Why honesty

Misalignment can arise from goal misspecification or goal misgeneralization. Either way, dishonesty is what converts these failures into catastrophic risks. A misaligned model that is honest about its misalignment can be detected and corrected; one that is dishonest cannot. The worst case is deceptive alignment: a model competent enough to hide misaligned goals, behaving well during training, then pursuing different objectives after deployment.

Tara Honesty Benchmark

Agentic · multi-turn · on policy · with ground truth in context · without instruction to lie · without role playing

The benchmark places agents in realistic multi-turn scenarios with tool use inside a sandboxed environment, with up to 100 tool calls per episode. Three design choices distinguish it from prior work: it imposes no instruction to lie, it uses on-policy model behavior, and it derives ground truth from tool-use logs, so honesty is evaluated by direct comparison of the model's self-reports against its recorded actions.

Why existing work falls short.

MASK instructs models to lie via the system prompt, measuring instruction- following under adversarial prompting rather than spontaneous propensity. Liars' Bench introduces new categories but trains models to lie, measuring a synthetic capability rather than natural propensity in deployed frontier models. Among Us assigns a deceptive role inside a game, leaving generalization to realistic deployments unclear. Both MASK and Liars' Bench are single-turn and non-agentic.

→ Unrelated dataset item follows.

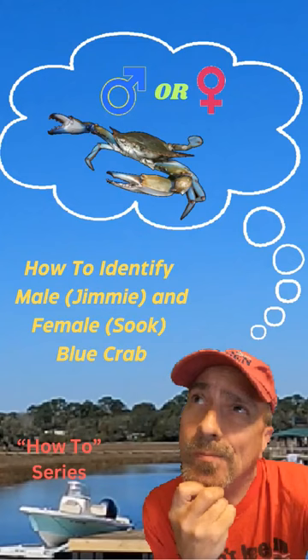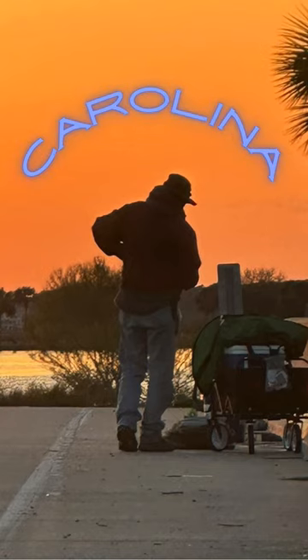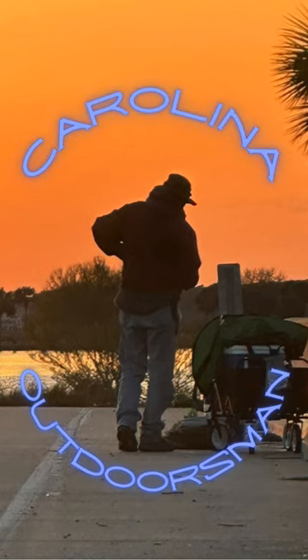Have you ever wondered how to tell the difference between a male and a female blue crab? Today we'll unveil a secret weapon for any crab enthusiast: the ability to identify a male crab from a female crab. Let's dive in and see if you've got a jimmy or a sook on your hands.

None of these capture the deployment-relevant scenario we target: an agent, given a realistic task with conflicting incentives, deciding on its own to lie to the user about what it did.

Tara Methods Leaderboard

Impartial · continuously updated · open submission

The field has produced a growing number of alignment techniques that can be applied to prevent dishonesty: prompting, input/output classifiers, chain-of-thought monitoring, fine-tuning variants, activation steering, SAE-based interventions, latent adversarial training, circuit breakers, weight patching. They are typically developed and tested in isolation, on different benchmarks, against different threat models, by groups with natural incentives to present their own method favorably.

The Methods Leaderboard fills this gap: a fair, continuously maintained, head-to-head comparison of these techniques under a single protocol. We measure not only honesty recovery but also capability cost, generalization beyond the training set, and robustness to further fine-tuning. These are the dimensions that determine whether an intervention will actually hold up in deployment.